Wnt5a/Ror2-induced upregulation of xPAPC requires xShcA

Ror receptor-tyrosine kinases act as Wnt-5a receptors in beta-catenin independent Wnt-signaling pathways. In Xenopus, expression of xPAPC is regulated by a Wnt-5a/Ror2 pathway, which resembles typical signaling cascades downstream of receptor-tyrosine kinases. Here, we have identified the phospho-tyrosine binding protein ShcA as an intracellular binding partner of Ror2. ShcA binds to a conserved motif in Ror2 via its SH2-domain. Wnt-5a induces clustering of Ror2 in the cell membrane and recruitment of ShcA to the Ror2 receptor complex. We further show that ShcA is co-expressed with Ror2 in developing Xenopus embryos and ShcA is required for Wnt-5a/Ror2 mediated upregulation of xPAPC, demonstrating the functional relevance of this interaction.

Research highlights
► ShcA binds to Ror2 in a Wnt-inducible manner.
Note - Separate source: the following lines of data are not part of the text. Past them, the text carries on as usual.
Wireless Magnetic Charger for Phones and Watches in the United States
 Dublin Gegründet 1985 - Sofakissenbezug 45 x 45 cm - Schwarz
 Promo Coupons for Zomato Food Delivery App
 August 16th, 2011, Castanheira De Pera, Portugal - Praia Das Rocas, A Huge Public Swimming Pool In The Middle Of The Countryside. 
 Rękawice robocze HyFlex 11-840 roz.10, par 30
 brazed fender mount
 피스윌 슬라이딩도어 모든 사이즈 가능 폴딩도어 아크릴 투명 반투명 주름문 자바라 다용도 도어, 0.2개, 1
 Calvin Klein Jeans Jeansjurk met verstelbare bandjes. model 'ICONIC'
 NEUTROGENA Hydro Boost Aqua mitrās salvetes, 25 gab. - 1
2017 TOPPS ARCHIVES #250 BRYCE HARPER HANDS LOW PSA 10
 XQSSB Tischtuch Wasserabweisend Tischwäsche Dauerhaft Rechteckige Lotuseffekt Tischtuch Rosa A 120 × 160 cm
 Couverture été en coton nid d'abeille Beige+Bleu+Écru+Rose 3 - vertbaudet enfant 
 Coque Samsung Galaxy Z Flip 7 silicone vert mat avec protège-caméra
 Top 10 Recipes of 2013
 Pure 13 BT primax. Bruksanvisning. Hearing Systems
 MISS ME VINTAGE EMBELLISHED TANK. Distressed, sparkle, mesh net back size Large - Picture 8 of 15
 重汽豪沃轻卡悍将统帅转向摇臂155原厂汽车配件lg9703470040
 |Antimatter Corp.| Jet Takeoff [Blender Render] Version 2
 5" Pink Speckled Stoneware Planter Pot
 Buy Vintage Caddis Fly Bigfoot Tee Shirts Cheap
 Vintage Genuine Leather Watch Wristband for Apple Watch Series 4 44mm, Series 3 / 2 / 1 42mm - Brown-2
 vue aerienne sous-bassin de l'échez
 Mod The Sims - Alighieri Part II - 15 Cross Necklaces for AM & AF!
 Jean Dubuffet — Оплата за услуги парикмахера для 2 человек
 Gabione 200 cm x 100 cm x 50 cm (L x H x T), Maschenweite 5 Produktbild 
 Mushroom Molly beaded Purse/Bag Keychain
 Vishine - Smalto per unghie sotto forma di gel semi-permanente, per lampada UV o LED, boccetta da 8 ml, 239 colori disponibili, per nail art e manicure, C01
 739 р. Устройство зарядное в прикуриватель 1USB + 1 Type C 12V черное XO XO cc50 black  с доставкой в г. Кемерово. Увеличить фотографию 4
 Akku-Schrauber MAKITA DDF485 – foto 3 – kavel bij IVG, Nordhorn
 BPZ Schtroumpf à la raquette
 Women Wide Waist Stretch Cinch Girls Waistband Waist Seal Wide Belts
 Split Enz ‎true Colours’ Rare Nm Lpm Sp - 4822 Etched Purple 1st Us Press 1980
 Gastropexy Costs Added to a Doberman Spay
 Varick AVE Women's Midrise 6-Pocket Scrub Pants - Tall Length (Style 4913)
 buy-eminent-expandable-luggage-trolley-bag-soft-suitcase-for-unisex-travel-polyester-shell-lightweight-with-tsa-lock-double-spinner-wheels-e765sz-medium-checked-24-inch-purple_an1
► Binding of ShcA to Ror2 occurs through the ShcA SH2-domain and a conserved YxLM motif in the Ror2 tyrosine-kinase domain.
► ShcA and Ror2 are co-expressed in dorsal tissues including the spinal chord and cranial nerves in Xenopus embryos.
► ShcA is required for the Wnt-5a/Ror2 mediated regulation of xPAPC expression in gastrulating Xenopus embryos.